Wiktionary quality issues

View: New views
9 Messages — Rating Filter:   Alert me  

Wiktionary quality issues

by Gerard Meijssen-3 :: Rate this Message:

Reply to Author | View Threaded | Show Only this Message

On the Wiktionary <http://wiktionary.org/> project I run the interwiki bot.
The process is simple; when an article exists in another language spelled
exactly the same, I create an "interwiki" link. This allows you to see the
information on another language Wiktionary. This process is an automated
process, it works on all Wiktionaries and it is an unattended process.

I have received a request from the Polish Wiktionary to stop adding
interwiki links for the Russian and for the Vietnamese Wiktionary. The
reason given is one of quality. On the Russian Wiktionary many of the
articles are created by a bot and they do not provide good information. An
example is dispersion, <http://ru.wiktionary.org/wiki/dispersion> there is
nothing really in there. The Vietnamese Wiktionary is more problematic
because a bot was used to generate declension and conjugation tables of
Russian words and they got it wrong.

The Russian Wiktionary has some 81.000 empty shells and refuse to remove it.
The Vietnamese are not willing to remove there incorrect data.

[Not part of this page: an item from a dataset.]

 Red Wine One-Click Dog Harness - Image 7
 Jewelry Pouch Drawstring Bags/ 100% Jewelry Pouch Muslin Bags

I have been asked to stop including the Russian Wiktionary and the
Vietnamese Wiktionary when I run the interwiki process. To be honest, I run
the bot as a service and I do not think it is the right thing to do. I think
the Vietnamese are wrong not to correct the wrong data that they have. I am
less sure about the Russian approach; in essence it is a stub. However,
creating a Wiktionary in this way is like stamp collecting; you can look at
it but there is not information about it.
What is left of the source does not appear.